__Exercise goal__:
Output each record verbatim, with pictures left out.

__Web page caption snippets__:
════

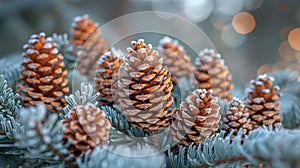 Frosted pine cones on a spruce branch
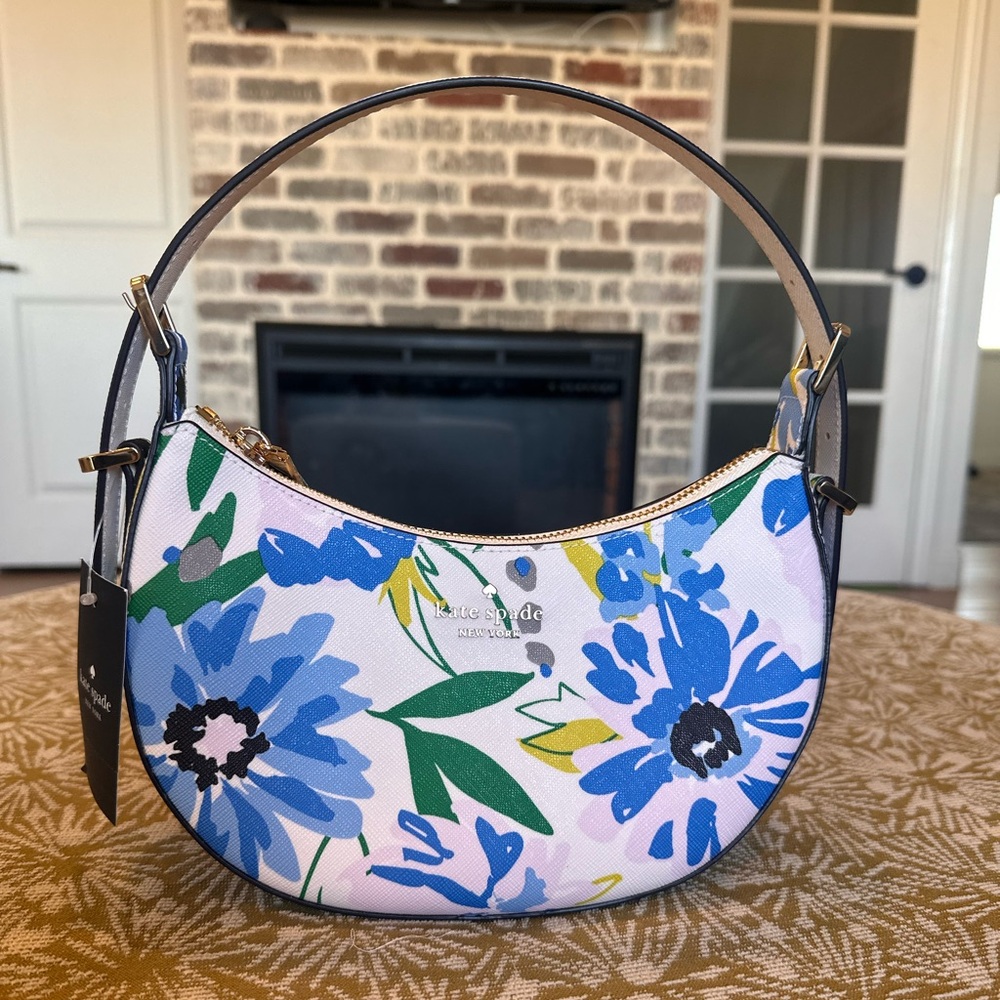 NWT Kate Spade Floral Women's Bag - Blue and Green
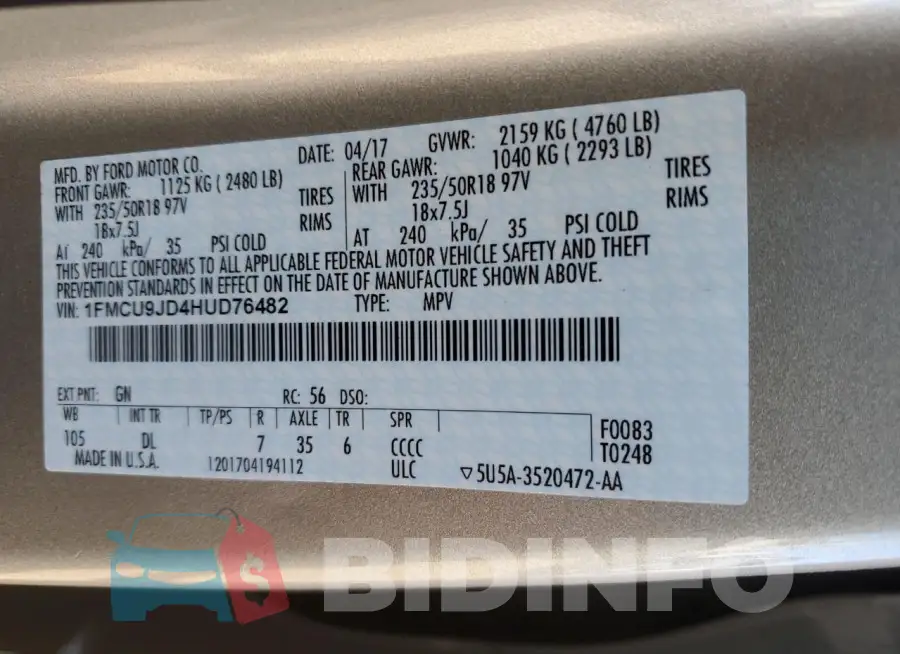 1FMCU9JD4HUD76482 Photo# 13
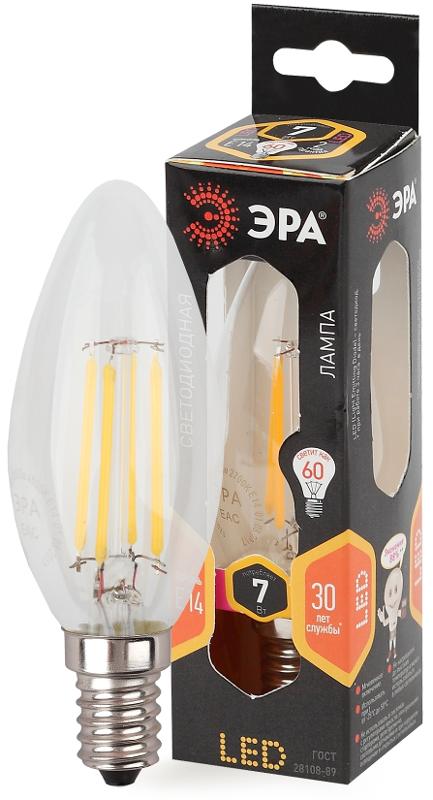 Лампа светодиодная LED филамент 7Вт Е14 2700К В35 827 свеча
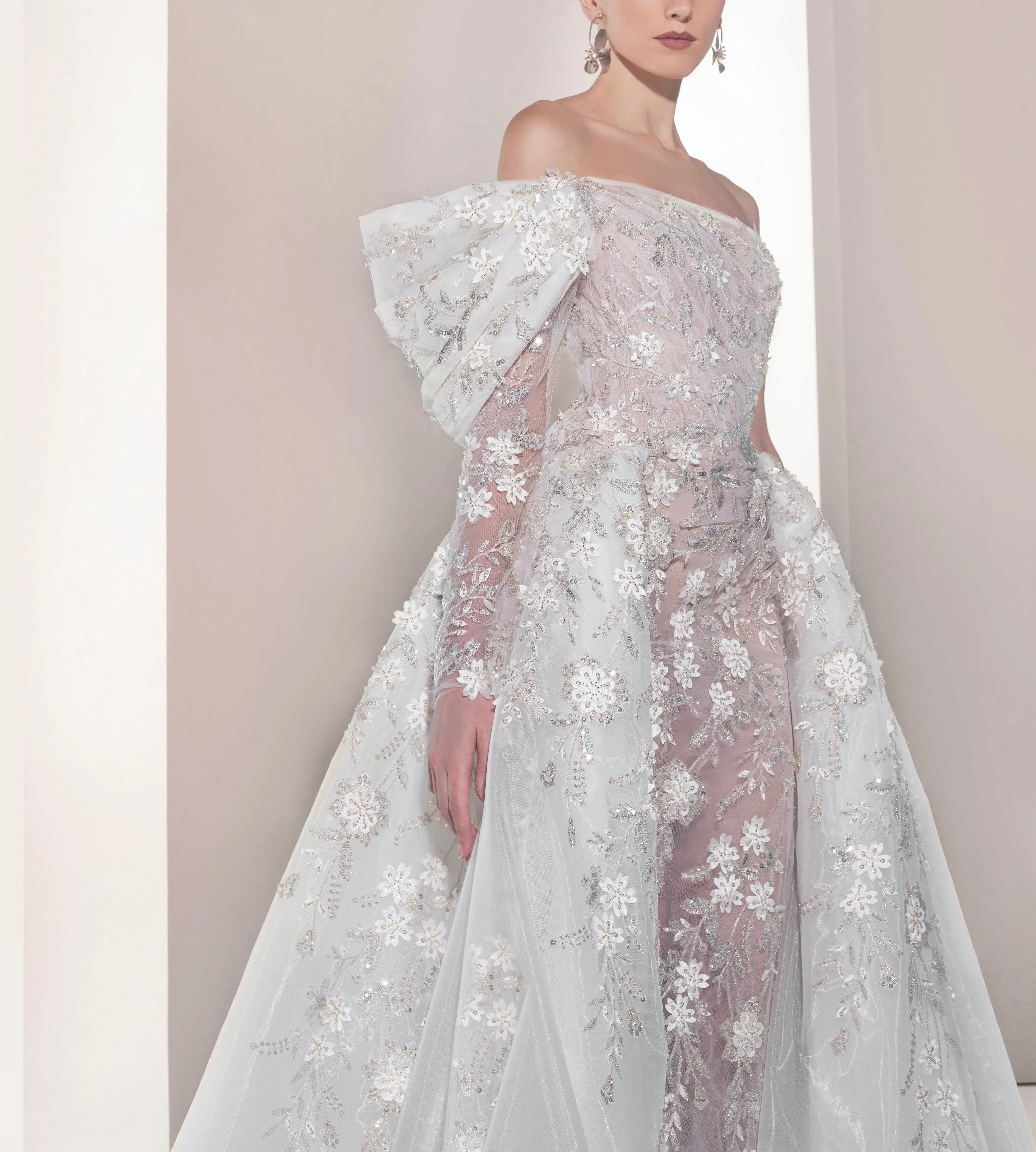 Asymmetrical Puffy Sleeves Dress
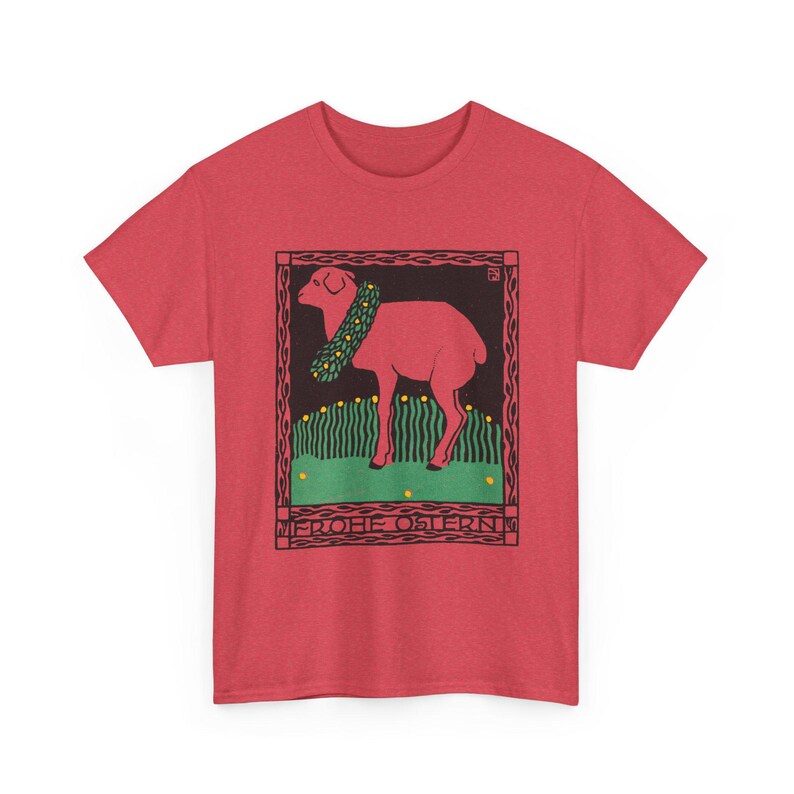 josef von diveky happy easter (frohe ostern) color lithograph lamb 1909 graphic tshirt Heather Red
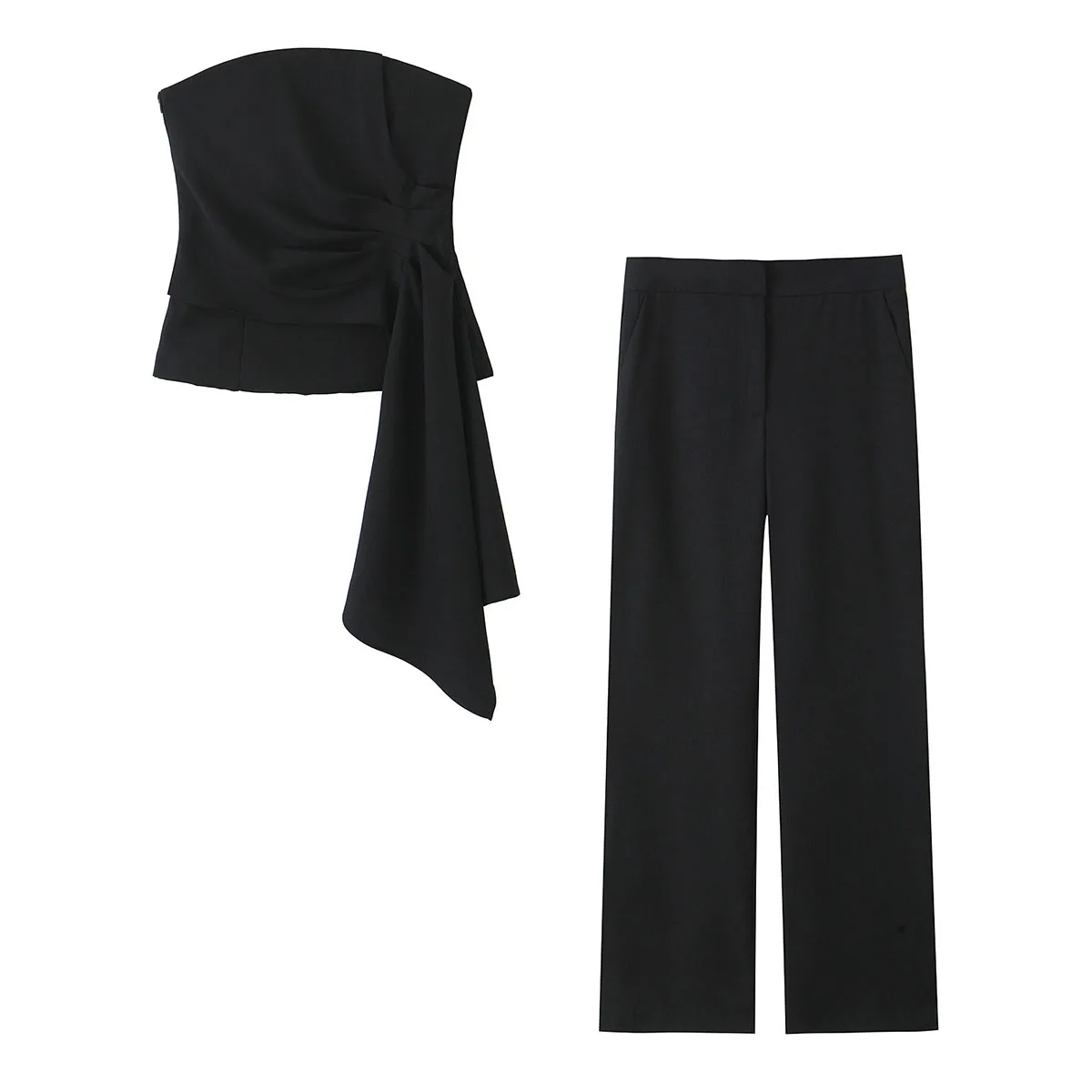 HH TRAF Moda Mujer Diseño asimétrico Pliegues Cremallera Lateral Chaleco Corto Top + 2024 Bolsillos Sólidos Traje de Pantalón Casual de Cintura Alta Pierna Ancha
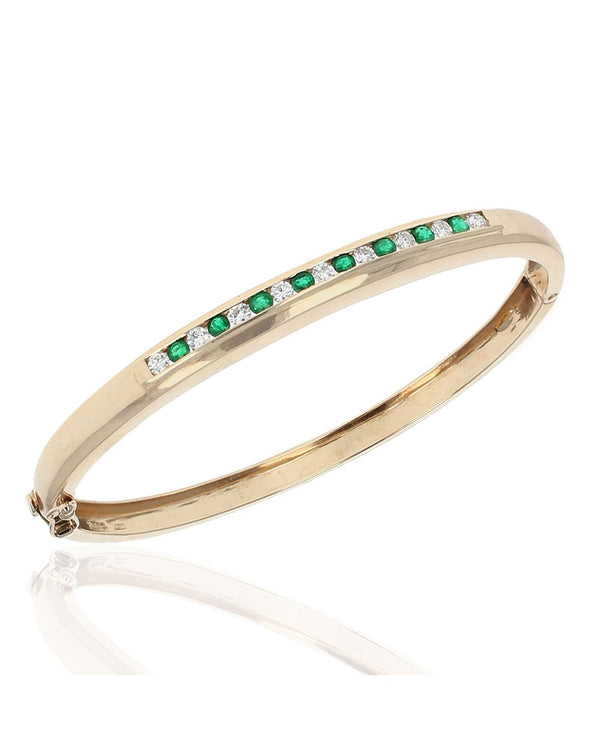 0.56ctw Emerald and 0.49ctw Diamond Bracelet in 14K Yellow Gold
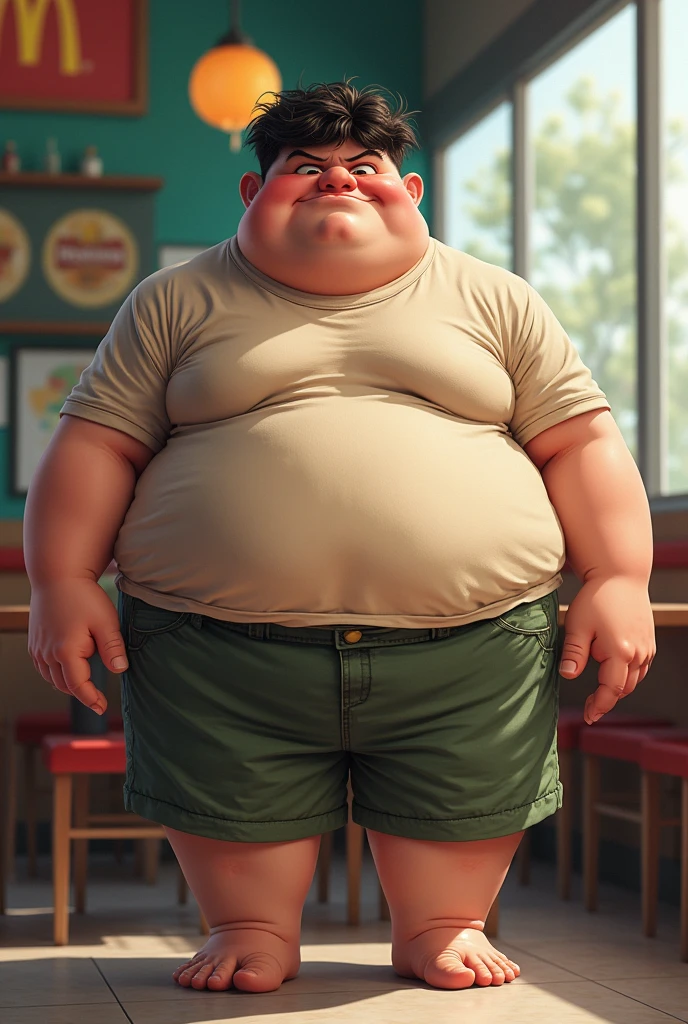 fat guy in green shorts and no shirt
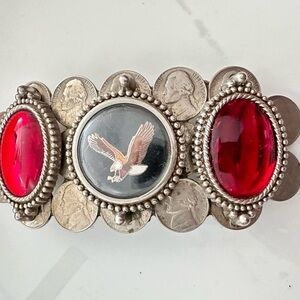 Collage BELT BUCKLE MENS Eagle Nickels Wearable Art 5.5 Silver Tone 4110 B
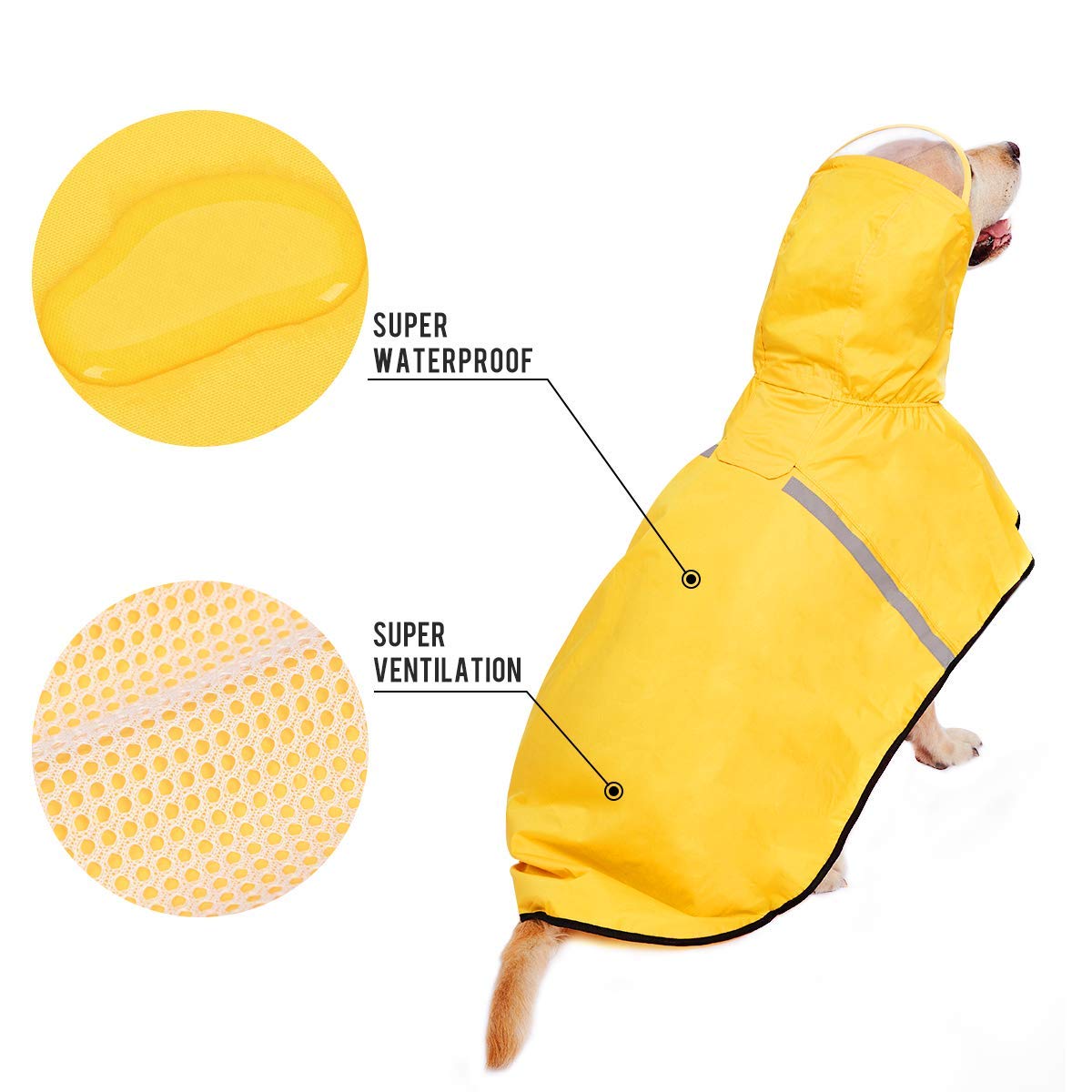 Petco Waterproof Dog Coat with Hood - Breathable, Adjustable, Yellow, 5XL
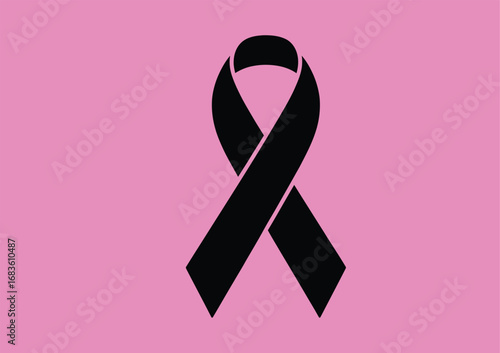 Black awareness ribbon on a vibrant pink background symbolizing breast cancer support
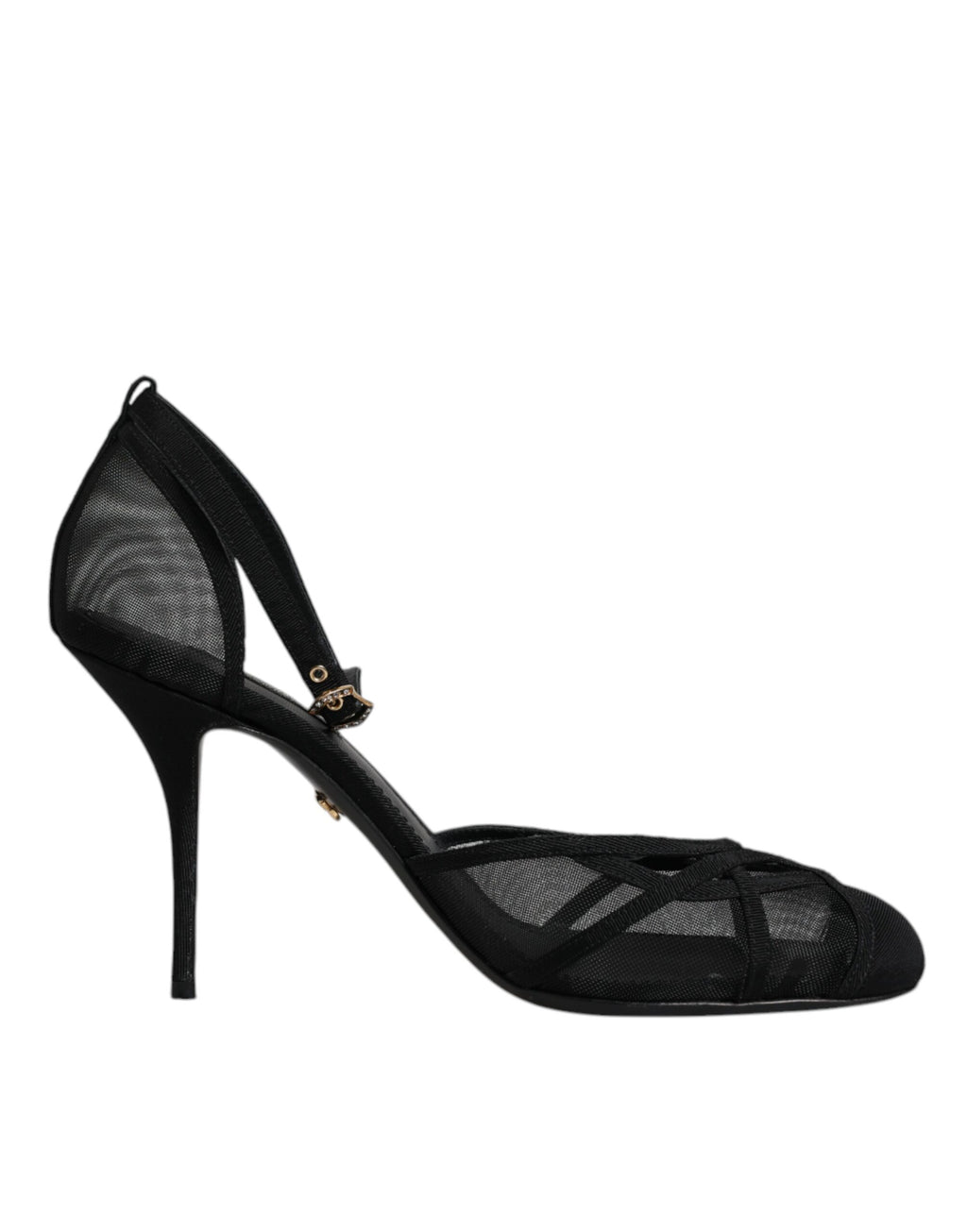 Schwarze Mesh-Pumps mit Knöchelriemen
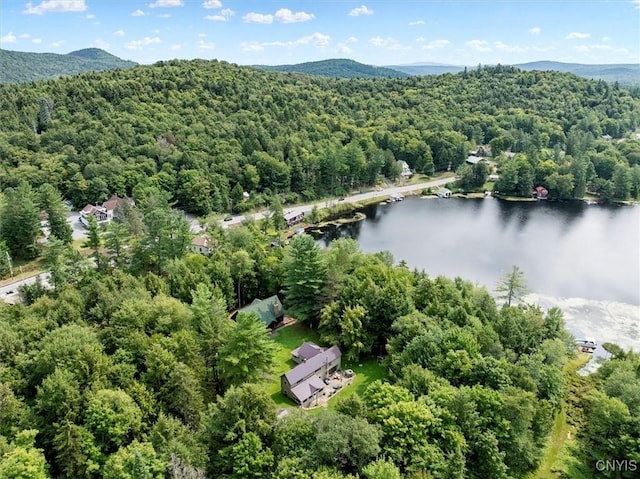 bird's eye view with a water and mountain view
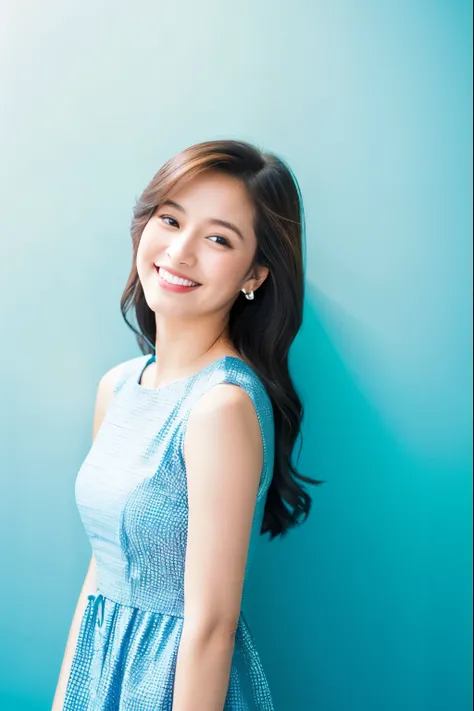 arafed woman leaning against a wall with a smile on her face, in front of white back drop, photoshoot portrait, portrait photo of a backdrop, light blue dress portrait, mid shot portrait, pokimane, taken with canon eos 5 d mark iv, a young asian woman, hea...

════

__Response to this exercise__:
 Frosted pine cones on a spruce branch
 NWT Kate Spade Floral Women's Bag - Blue and Green
 1FMCU9JD4HUD76482 Photo# 13
 Лампа светодиодная LED филамент 7Вт Е14 2700К В35 827 свеча
 Asymmetrical Puffy Sleeves Dress
 josef von diveky happy easter (frohe ostern) color lithograph lamb 1909 graphic tshirt Heather Red
 HH TRAF Moda Mujer Diseño asimétrico Pliegues Cremallera Lateral Chaleco Corto Top + 2024 Bolsillos Sólidos Traje de Pantalón Casual de Cintura Alta Pierna Ancha
 0.56ctw Emerald and 0.49ctw Diamond Bracelet in 14K Yellow Gold
 fat guy in green shorts and no shirt
 Collage BELT BUCKLE MENS Eagle Nickels Wearable Art 5.5 Silver Tone 4110 B
 Petco Waterproof Dog Coat with Hood - Breathable, Adjustable, Yellow, 5XL
 Black awareness ribbon on a vibrant pink background symbolizing breast cancer support
 Schwarze Mesh-Pumps mit Knöchelriemen
 bird's eye view with a water and mountain view
 arafed woman leaning against a wall with a smile on her face, in front of white back drop, photoshoot portrait, portrait photo of a backdrop, light blue dress portrait, mid shot portrait, pokimane, taken with canon eos 5 d mark iv, a young asian woman, hea...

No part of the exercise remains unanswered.